Author Topic: Educate computer users!  (Read 7316 times)

0 Members and 1 Guest are viewing this topic.

Offline Assarbad

  • AV research & development
  • Malware Experts
  • Sr. Member
  • *****
  • Posts: 368
    • View Profile
    • WinDirStat
Educate computer users!
« on: October 28, 2006, 01:55:51 PM »
Why is spyware (using the term to refer to spyware, adware and all these buggers at once) such a problem? Unlike for viruses[1] I would say that spyware is mostly a problem of uneducated computer users. The important phrase here is "computer users". I don't say that anyone here is uneducated with regards to not being able read or write. it is more how to handle computers, how to work with them securely and so on.

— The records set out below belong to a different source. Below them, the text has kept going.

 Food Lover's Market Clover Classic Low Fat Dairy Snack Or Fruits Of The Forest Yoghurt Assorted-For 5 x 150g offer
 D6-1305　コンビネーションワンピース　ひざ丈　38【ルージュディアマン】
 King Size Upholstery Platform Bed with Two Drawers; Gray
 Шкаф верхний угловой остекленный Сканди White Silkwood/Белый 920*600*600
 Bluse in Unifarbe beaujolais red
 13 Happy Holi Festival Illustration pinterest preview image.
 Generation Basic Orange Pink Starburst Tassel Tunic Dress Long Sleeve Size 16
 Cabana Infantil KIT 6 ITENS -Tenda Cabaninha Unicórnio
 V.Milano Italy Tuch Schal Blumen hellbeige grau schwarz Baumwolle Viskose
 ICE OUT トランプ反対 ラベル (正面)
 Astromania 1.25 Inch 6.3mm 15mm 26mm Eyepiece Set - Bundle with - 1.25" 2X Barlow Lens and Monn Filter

There is a myriad of factors that contribute to whether or not you will be a spyware victim. However, in my impression you don't need to be a computer expert to prevent your machine from being infected with spyware.

Since the "dawn or rootkits" in the spyware sector it is becoming increasingly complicated to defeat these threats. Also it is becoming increasingly dangerous to leave a previously compromised system running. For rootkits one should generally say that a compromised system should not be trusted ever again - with one exception: if the rootkit can be identified with a 100% certainty and has been analyzed to 100% (and I don't mean viewing the file in Notepad :lol:) it will be safe to remove it and its components without leaving remainders of it on your hard drive. Otherwise I say: reinstall.

But back to the topic. I am certainly the last to become a "Microsoft-Basher", but they have a great share of responsibility for the current misery. Here some of my theses. We'd have a safer internet if
  • ... the Internet Explorer would not have been bundled with the operating system
  • ... if the default account wasn't one with admin privileges
  • ... if software vendors would not ask for admin privileges upon installation of their applications all the time (e.g. access to HKLM)
  • ... if ActiveX did not exist in its current form
  • ... if the Internet Explorer would not be so tightly integrated with other OS components (partially mitigated with IE7)
  • ... users were educated enough to see, understand and mitigate the problems they create

Yes, you read right: I said the users are part of the problem. Although Microsoft can be accused of a lot of negligence when it comes to the separation of the TCB from normal (read: uneducated) users[2], the users could well find a wealth of information on the internet and in books to make their systems more secure. One of the biggest problems with the so called "data-highway" (i.e. the internet) is that basically everyone is allowed to "drive" there - having a "driver license" (i.e. the skills) or not. This is ridiculous. Of course I understand that there will be no way (except censorship, which no one wants) to force users from "driving" the "data-highway". However, one can appeal to the responsibility of the users thus motivating them to educate themselves or let others help to educate them. And frankly it is not just a matter of education - instead ignorance is a huge problem as well.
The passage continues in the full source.